Et la nouvelle éponyme du recueil est un chef d’œuvre, je te plussoie grave sur ce coup ! C’est magique et délicat, émouvant… Époustouflant.
Oups, oubli corrigé. 😉
Ca tombe bien, Ted Chiang est au menu de la lecture commune du mois de juin. Ce sera l’occasion de mettre les deux nouvelles en parallèle.
Je te conseille Ted Chiang que j’ai beaucoup aimé. Et je rajoute celui-là dans mes livres à acheter.
Comme dit au-dessus, il y a de fortes chances que je lise son recueil « La tour de Babylone » dans les jours qui viennent.
Je pense que tu vas aimer Ken Liu. 😉
Commandé aussi sec ce Ken Liu – en occase vu mes finances. Pour une fois qu’un bouquin SF nouveau excite ma curiosité…
Yes ! J’ai hâte de voir ce que tu en auras pensé. 😉
Je crois bien que j’avais raté la comparaison avec Ted Chiang, dommage, ça me refroidit un peu ça…. (Ted Chiang, il fait des nouvelles avec des maths. Je crois bien que le traumastime des maths au lycée n’est pas encore passé.)
Moi qui suis matheux, je n’ai pas vu beaucoup de maths dans les nouvelles de Chiang ?!?

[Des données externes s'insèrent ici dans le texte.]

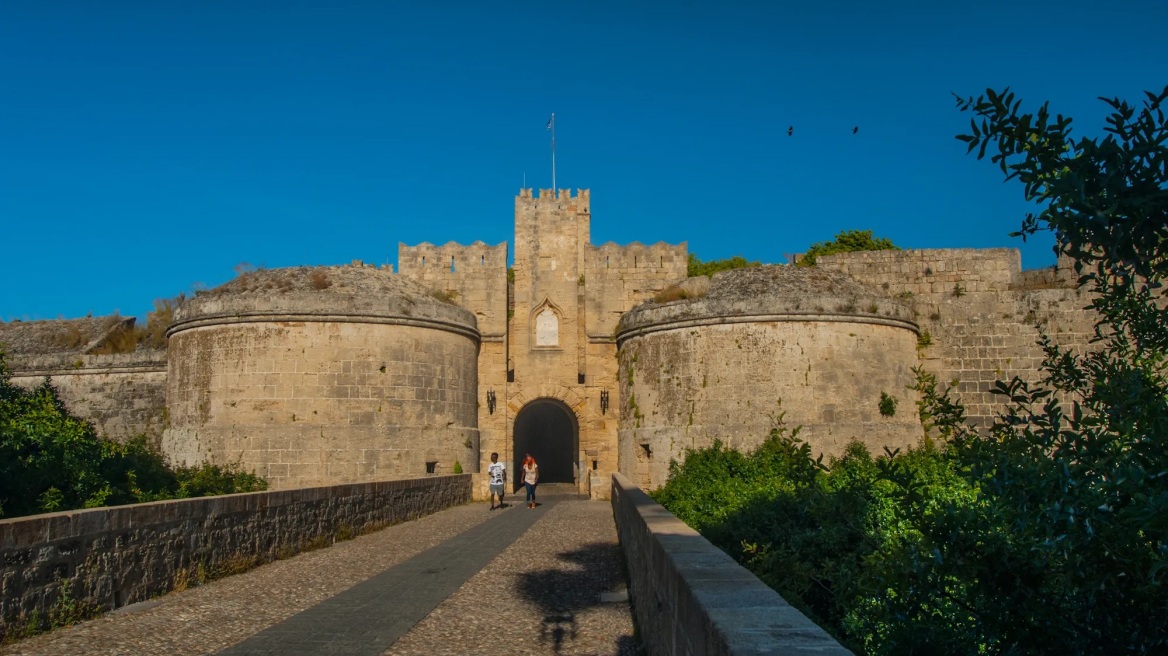 Ρόδος: Συνελήφθησαν 4 ανήλικοι και οι γονείς τους για οπαδικό επεισόδιο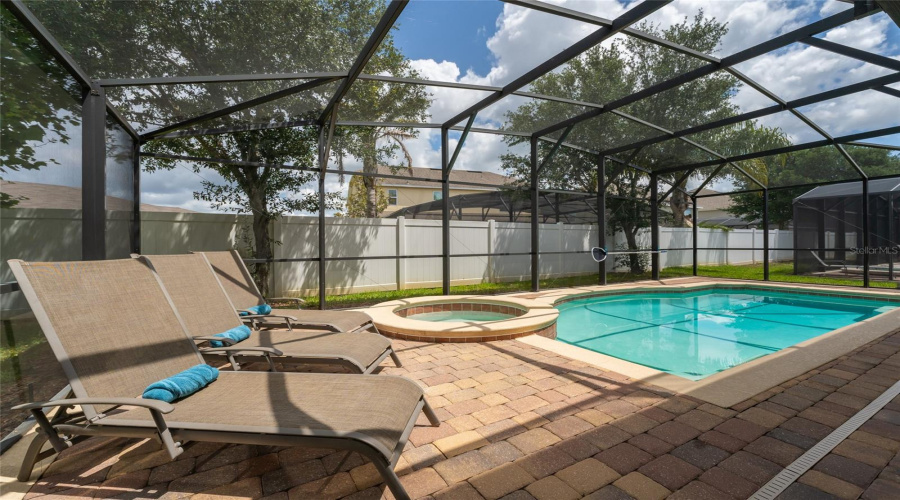 DAVENPORT, Florida 33896, 5 Bedrooms Bedrooms, ,4 BathroomsBathrooms,Residential,For Sale,YORKSHIRE,0,MFRO6418054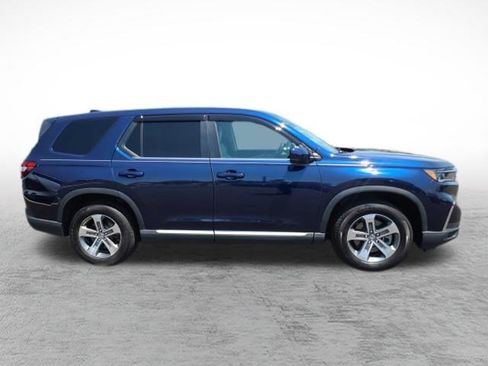 Used 2024 Honda Pilot EX-L image 5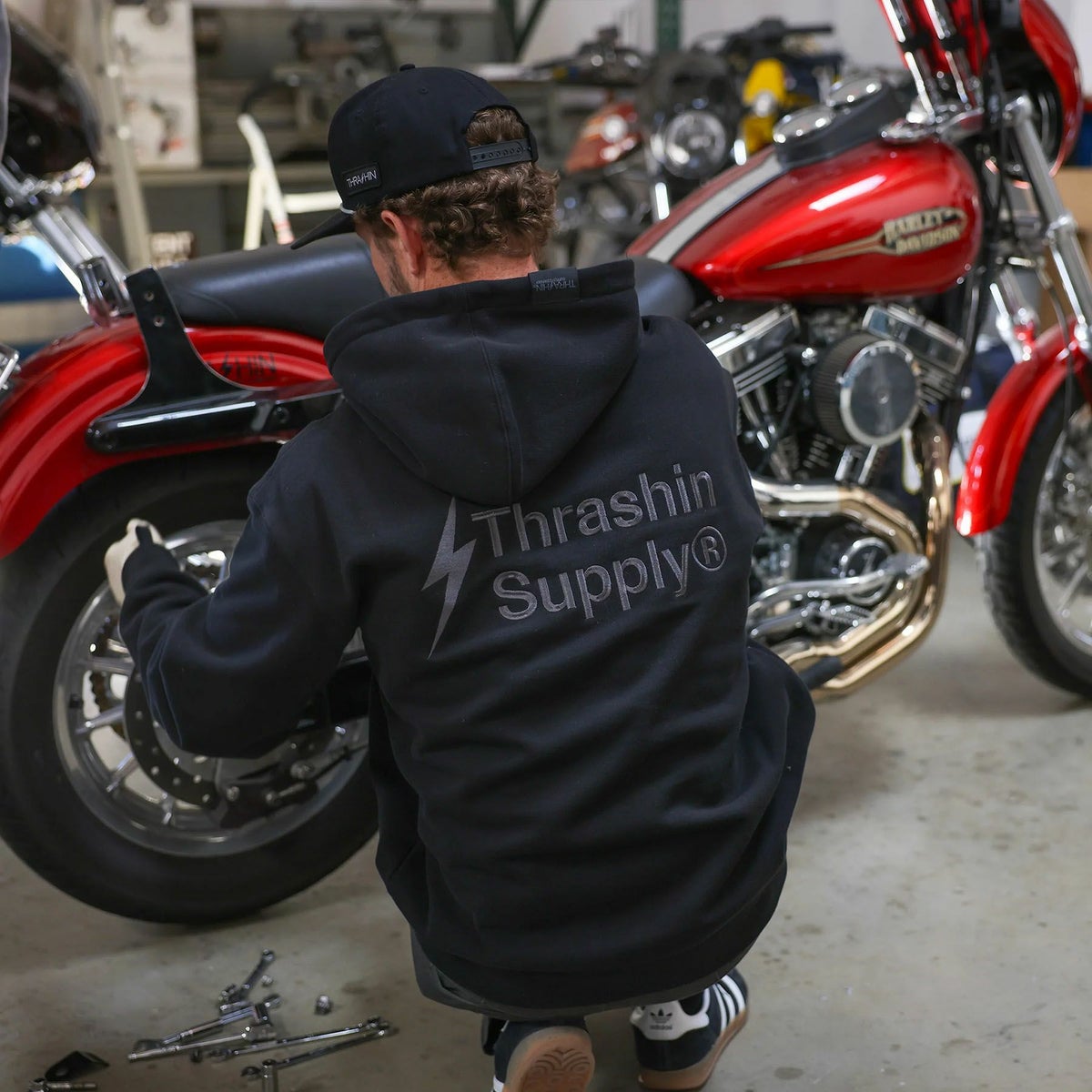 刺繍ロゴ・プルオーバー フーディー (ブラック)1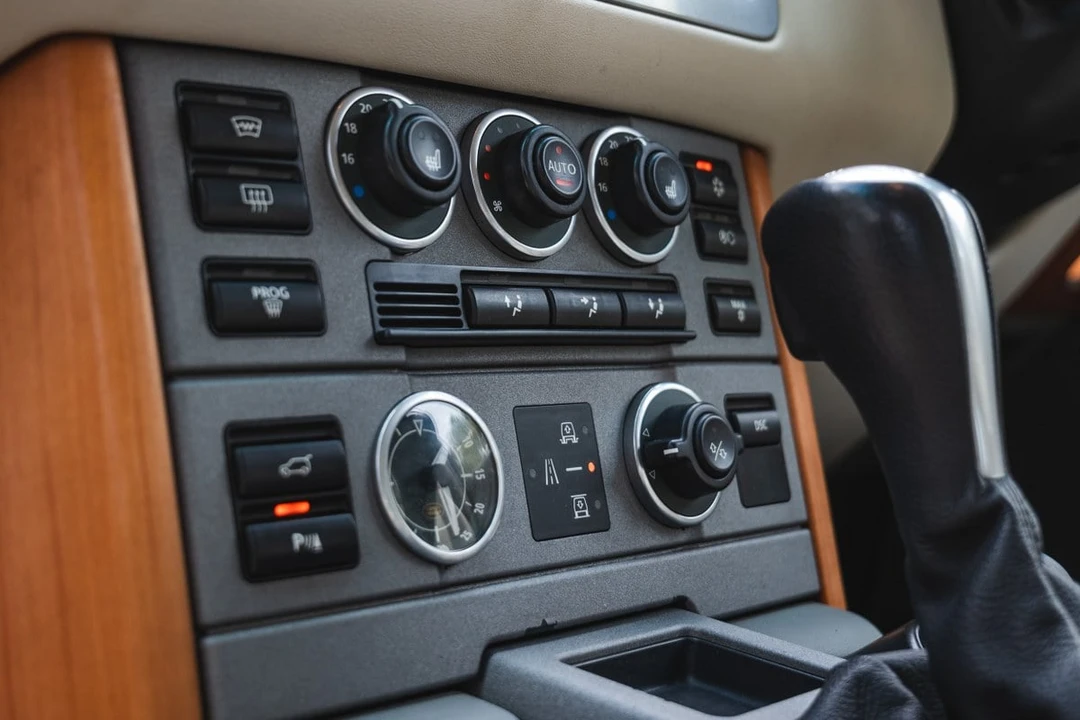2004 Land Rover Range Rover L322 - Image 6 of 30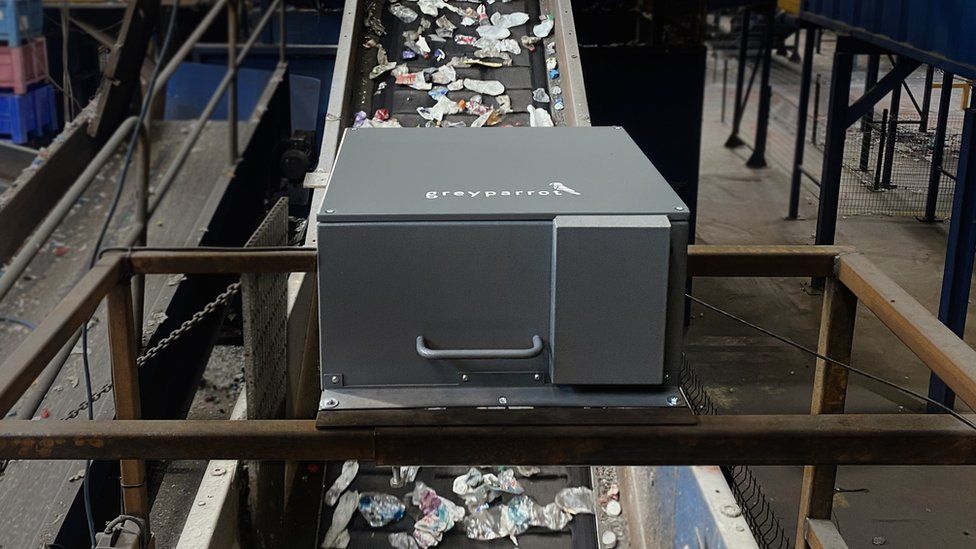 Greyparrot's monitoring machine at the recycling plant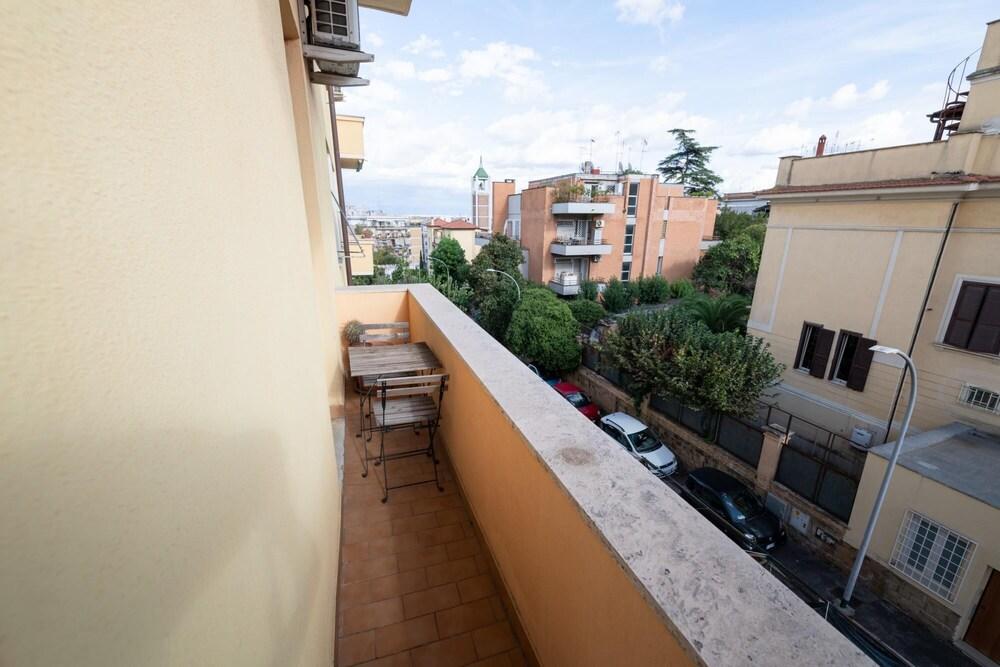 Via Marcantonio Odescalchi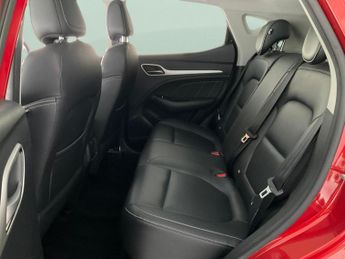 MG MG ZS 44.5kWh Exclusive (143 ps) - CARPLAY - KEYLESS ENTRY - LED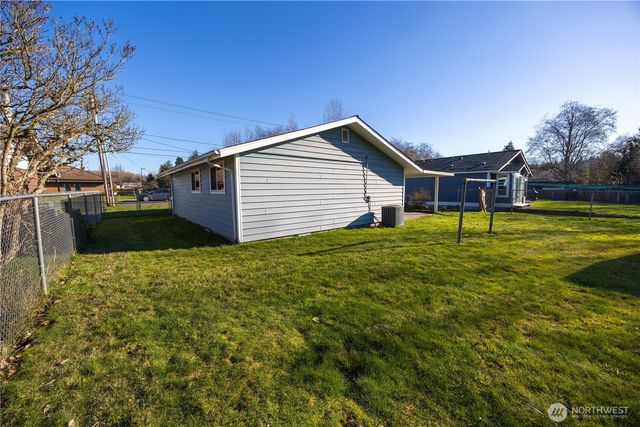 1018 13th Street SW, Puyallup, WA 98371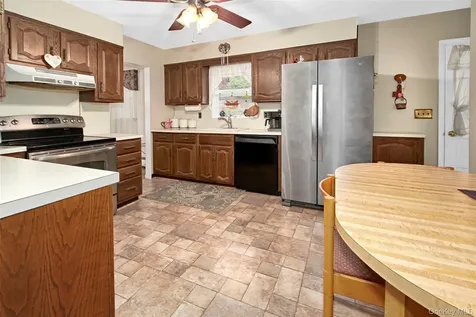 100 Lakeview Avenue Valhalla NY 10595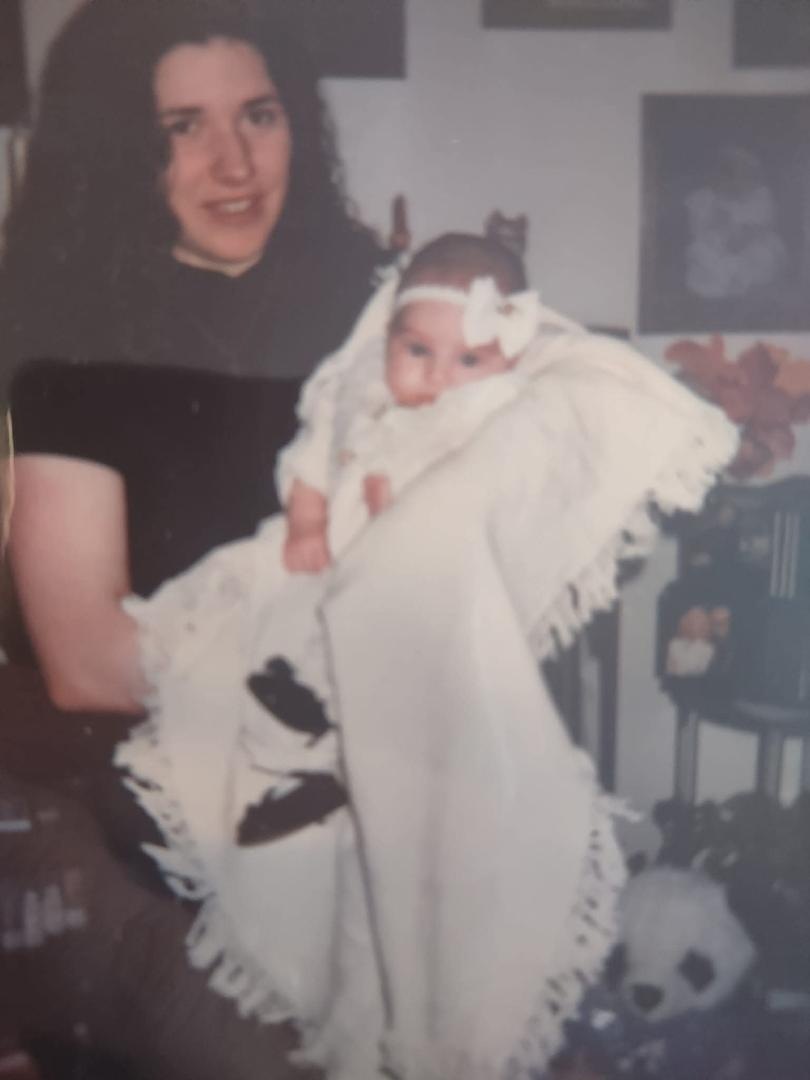 Lori Adams' album, Mobile uploads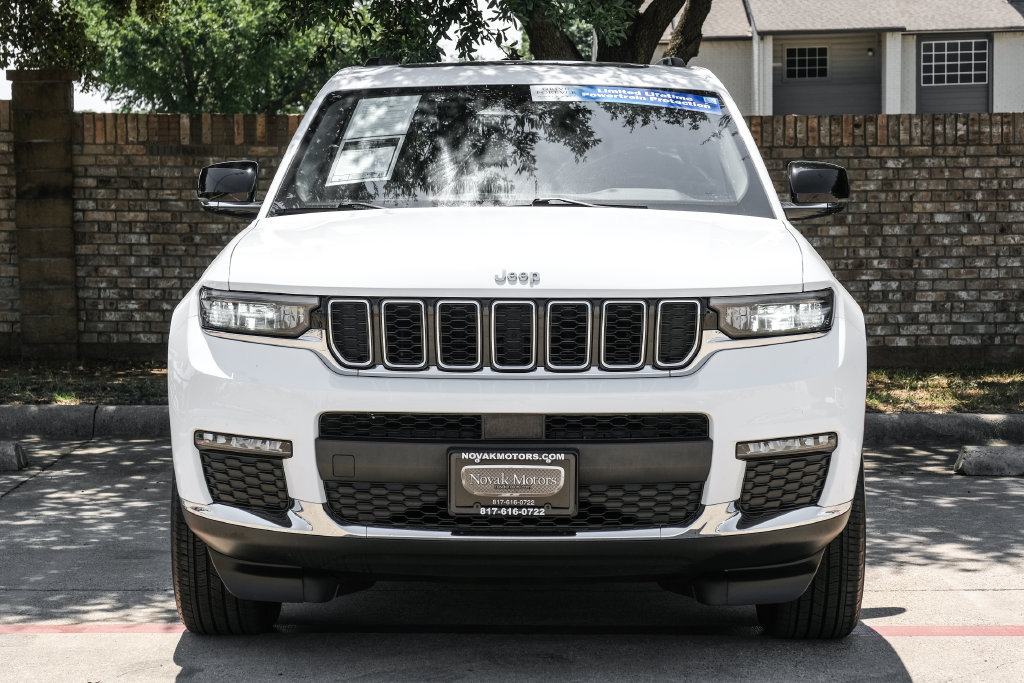 Used 2023 Jeep Grand Cherokee L Limited AWD/4WD image 11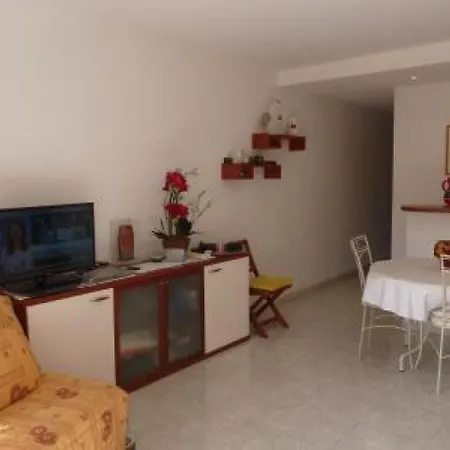 Appartamento Sleeps 4 Air Con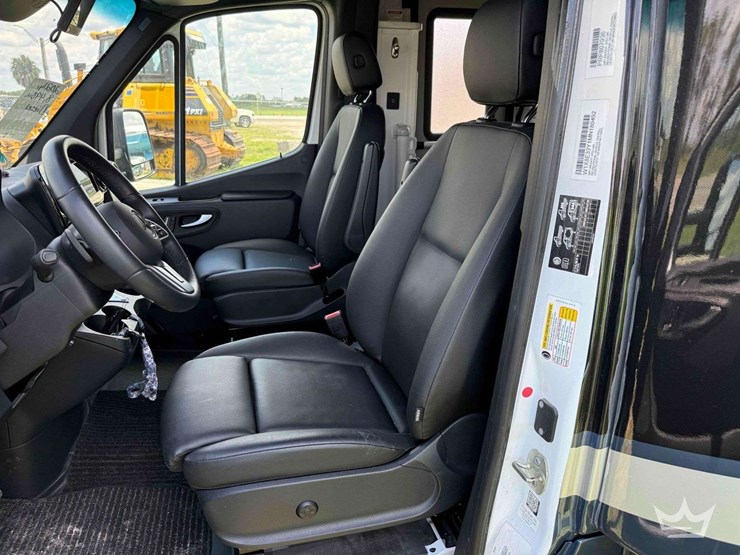 2021-mercedes-benz-sprinter-3500-xd-image-13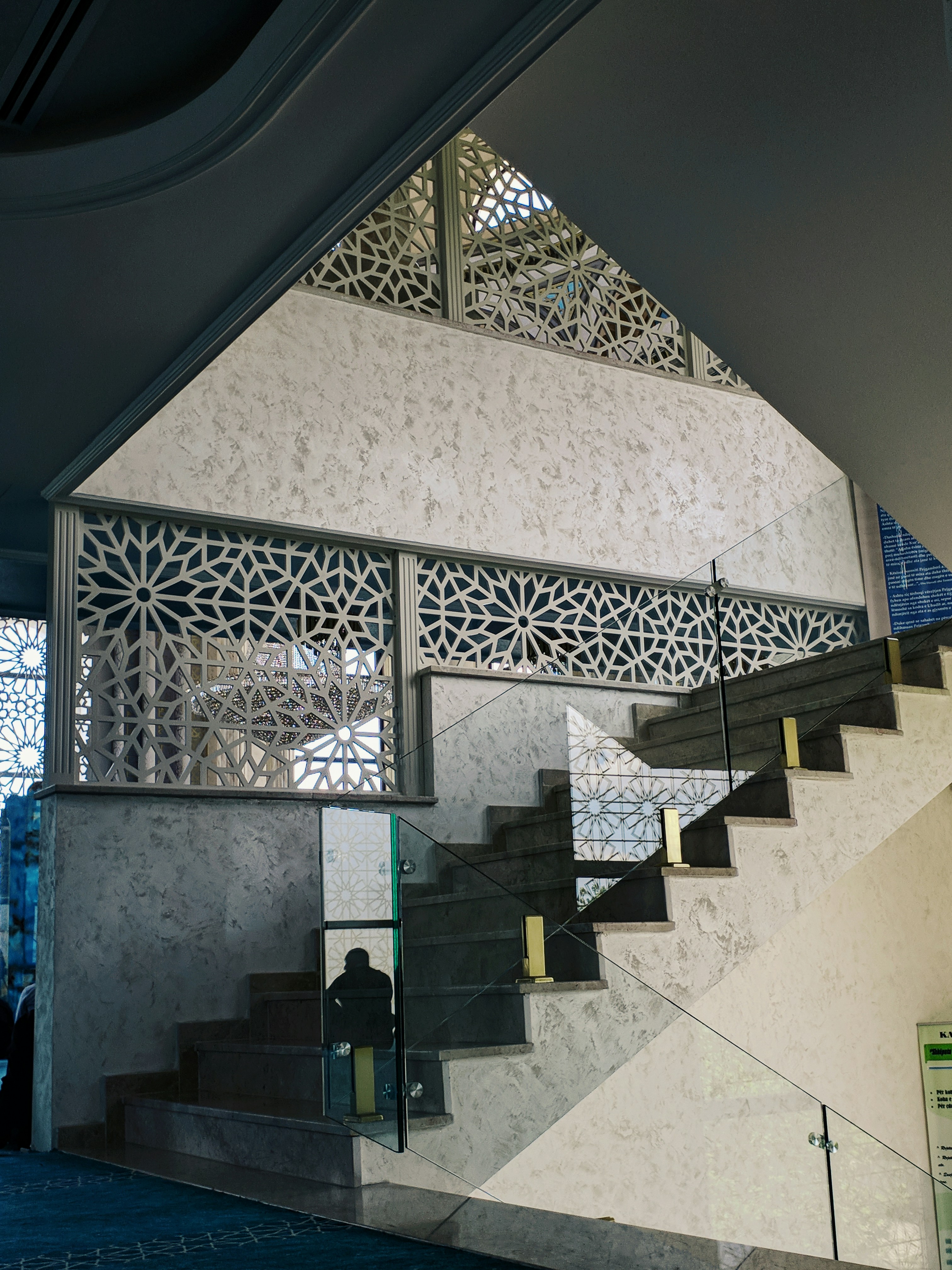 Photo by alberthyseni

Je vous dirai quand je l’aurai lu. 🙂
La comparaison n’est pas de moi, d’ailleurs je n’ai pas lu Ted Chiang (mais ça ne saurait tarder).
Ken Liu fait un peu de hard-SF, mais rien d’incompréhensible, loin de là.
Allez hop noté dans ma liste à lire, histoire de ne pas l’oublier ^^
C’est du bon, tu ne vas pas le regretter. 😉
Un excellent recueil. Hâte d’en lire plus de l’auteur.
Même chose pour moi. Content que tu aies aimé. 😉
Ah ben, je ne l’ai dit pas ici. Je l’ai lu mais je n’ai pas été transcendé.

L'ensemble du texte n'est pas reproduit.